The db.statement span attribute contains the full query/command text, which may include sensitive data. Secure your OTLP collector endpoint and apply collector-side redaction if required.

ArcadeDB continues an upstream trace by reading the inbound W3C traceparent HTTP header. Resource attributes (service.name, service.instance.id), OTEL_RESOURCE_ATTRIBUTES, and trace-context propagation over the replication (Raft) and binary wire protocols are not yet implemented; each non-HTTP request starts a fresh root span.

Structured logging and correlation IDs

By default the server logs human-readable text, byte-identical to previous releases. Set arcadedb.server.logFormat=json to emit one JSON object per line instead, suitable for log shippers (Loki, ELK):

arcadedb.server.logFormat=json

See Logging for the configuration underneath this setting: log levels, rotation, log directory, and routing the engine through SLF4J when embedding.

Each JSON line contains: timestamp (local time, yyyy-MM-dd’T’HH:mm:ss.SSS), level, logger, thread, message, and — when present — requestId, db, traceId, spanId, and exception (full stack trace). Example:

{"timestamp":"2026-06-16T10:15:30.123","level":"INFO","logger":"com.arcadedb.server.ArcadeDBServer","thread":"http-1","message":"Query executed","requestId":"req-abc","db":"mydb","traceId":"4bf92f3577b34da6a3ce929d0e0e4736","spanId":"0123456789abcdef"}

Correlation IDs

Every HTTP request is tagged with a requestId: ArcadeDB reuses the inbound X-Request-Id header when present (sanitized, capped at 128 characters) or generates a UUID, and echoes it on the response. The db field is taken from the request’s database path parameter. When the tracing plugin is active, traceId/spanId are added too — but requestId works for correlation even with tracing disabled.

For operators who keep text logs, arcadedb.server.logIncludeTrace=true appends ` [traceId=…]` to each line while a trace is active (default off, preserving current output):

arcadedb.server.logIncludeTrace=true

Health probes

ArcadeDB exposes two complementary, unauthenticated endpoints so orchestrators can tell a live process from a ready one. See the HTTP API reference for response details.

Endpoint Probe Behavior

Endpoint	Probe	Behavior
`GET /api/v1/health`	liveness	Returns `204` whenever the HTTP layer is up.

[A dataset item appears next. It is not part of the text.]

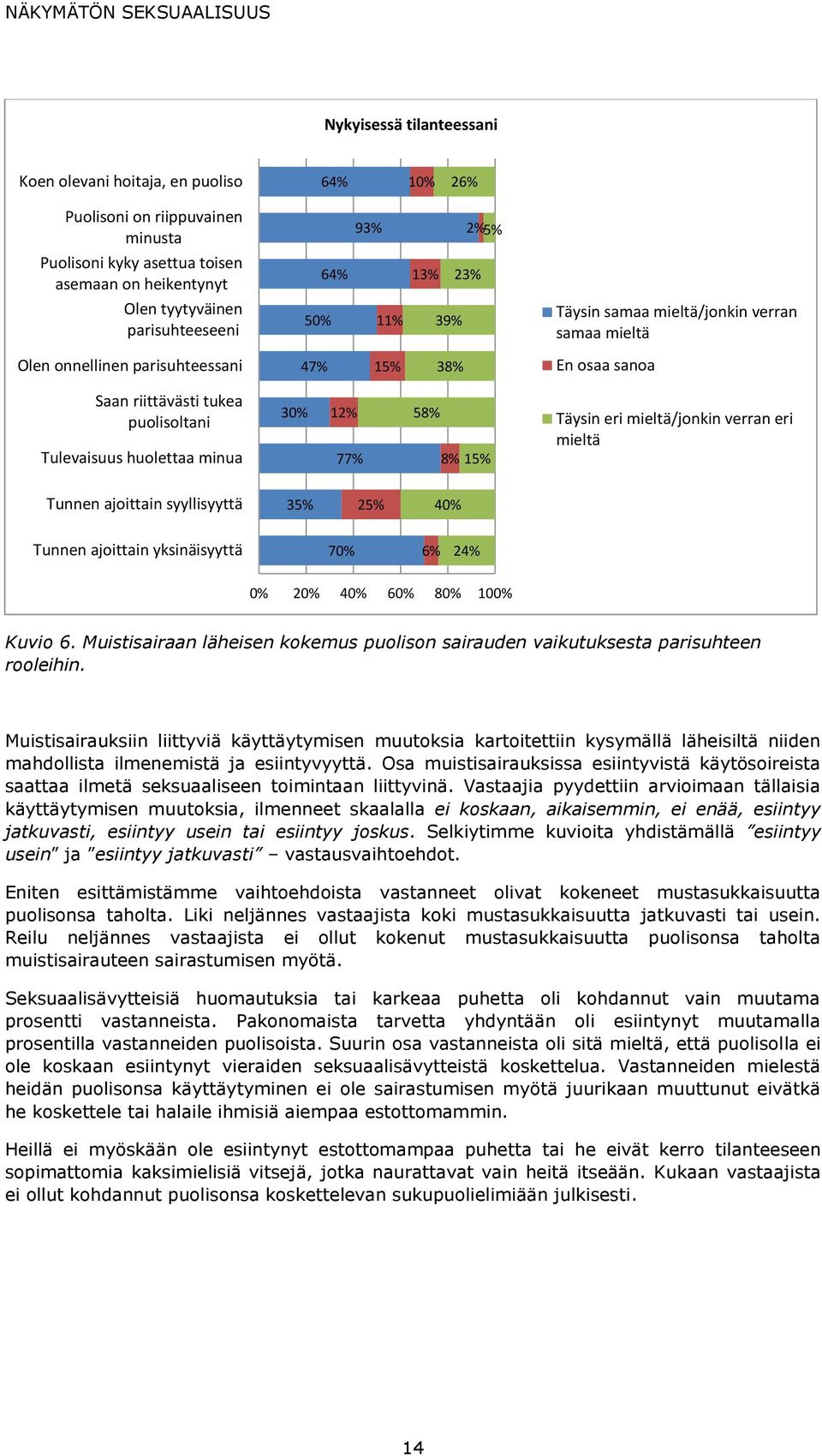 8% 15% Täysin eri /jonkin verran eri Tunnen ajoittain syyllisyyttä 35% 25% 40% Tunnen ajoittain yksinäisyyttä 70% 6% 24% 0% 20% 40% 60% 80% 100% Kuvio 6.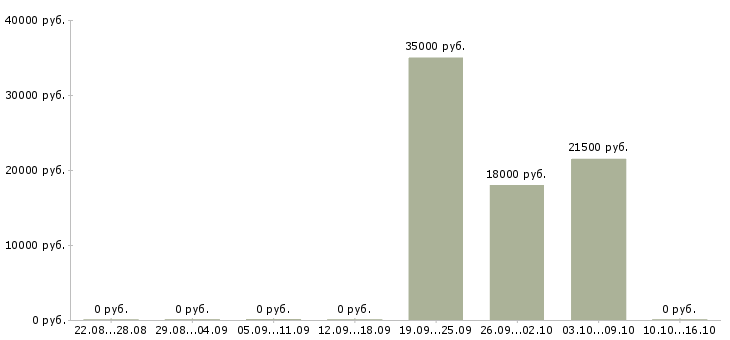Вакансии менеджер по административной работе Ростов-на-дону - Медиана зарплат менеджер по административной работе Ростов-на-дону за 2 месяца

Performs no database I/O and never returns a busy/`503` status, so a node that is merely warming up is not killed.
`GET /api/v1/ready`	readiness	Returns `204` once the server is `ONLINE`; `503` (`Server not started yet`) before that. Unchanged by default.

GET /api/v1/health

liveness

Returns 204 whenever the HTTP layer is up. Performs no database I/O and never returns a busy/503 status, so a node that is merely warming up is not killed.

GET /api/v1/ready

readiness

Returns 204 once the server is ONLINE; 503 (Server not started yet) before that. Unchanged by default.

Use /api/v1/health for the liveness probe and /api/v1/ready for the readiness probe:

livenessProbe:
  httpGet:
    path: /api/v1/health
    port: 2480
  initialDelaySeconds: 10
  periodSeconds: 10
readinessProbe:
  httpGet:
    path: /api/v1/ready
    port: 2480
  initialDelaySeconds: 20
  periodSeconds: 10

HA-aware readiness

On a High Availability cluster you can make readiness reflect Raft membership so traffic is withheld until a node has joined the group:

arcadedb.server.readinessRequiresHA=true

When this flag is true and HA is active, /api/v1/ready returns 503 (Node has not yet joined the Raft group) until a leader has been elected. Once a leader is known, a second gate checks that the node is a member of the current Raft configuration and, for a follower, that it has caught up to within arcadedb.server.readinessHAMaxLag log entries (default 100) of the commit index; until then it keeps returning 503 (Node is not yet in the Raft configuration or has not caught up). Only then does it return 204. This prevents a (re)joined follower with a wiped or lagging log from being marked ready mid-catch-up, which would otherwise let a rolling restart drop the write quorum. The default (false for readinessRequiresHA) preserves current readiness behavior. See Kubernetes deployment for the full StatefulSet example.